Happy Independence Day. And if you do not believe in that, then, Happy Fourth of July.
Everyone has a fourth of July. It’s right there between the third and the fifth, so none of your lip now. . . .
Hub found a bunch of old bottle rockets when we were cleaning out the garage, so we’re going to shoot off a bunch of them from the deck later tonight. Our deck is covered with many years’ worth of black burned Fourth of July spots. Isn’t everybody’s?
Please tell me your deck is covered with black spots too?

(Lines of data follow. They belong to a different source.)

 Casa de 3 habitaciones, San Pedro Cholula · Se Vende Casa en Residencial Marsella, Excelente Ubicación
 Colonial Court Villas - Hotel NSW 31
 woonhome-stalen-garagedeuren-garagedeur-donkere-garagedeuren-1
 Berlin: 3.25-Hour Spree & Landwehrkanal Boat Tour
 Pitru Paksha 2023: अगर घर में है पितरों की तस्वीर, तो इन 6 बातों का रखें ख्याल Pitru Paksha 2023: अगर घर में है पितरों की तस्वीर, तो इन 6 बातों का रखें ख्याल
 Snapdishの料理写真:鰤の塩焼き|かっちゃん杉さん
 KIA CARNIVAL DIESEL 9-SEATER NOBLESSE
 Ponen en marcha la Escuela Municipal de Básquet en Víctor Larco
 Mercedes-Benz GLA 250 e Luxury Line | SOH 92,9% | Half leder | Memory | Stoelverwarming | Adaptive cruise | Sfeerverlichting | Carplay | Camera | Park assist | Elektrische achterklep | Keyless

I’m afraid to ask about your sidewalk, because, well, mine has a lot of black spots on it from those “snakes” the kids used to burn when they were little. I like the spots, because they make me remember those giggling little kids, watching the coiling black snakes with big laughing eyes. The kids, not the snakes.
I’d rather have the spots, and the memories, than a pristine household.
And now, I’d best go run the sweeper and prepare a festive holiday meal, as my sweet MIL will be here in about twenty minutes for supper and I haven’t lifted a finger about it yet other than to slice some strawberries and put them in a bowl.
If you make your guests wait long enough, anything will seem good, right? Starving people aren’t very picky.
Have a wonderful holiday, everyone. Please be safe, and happy. Don’t step on the hot sparkler wires on the ground. Watch out for the tiny kids; sometimes they bite and keep them out of harm’s way.
I love you all. Happy Independence Day!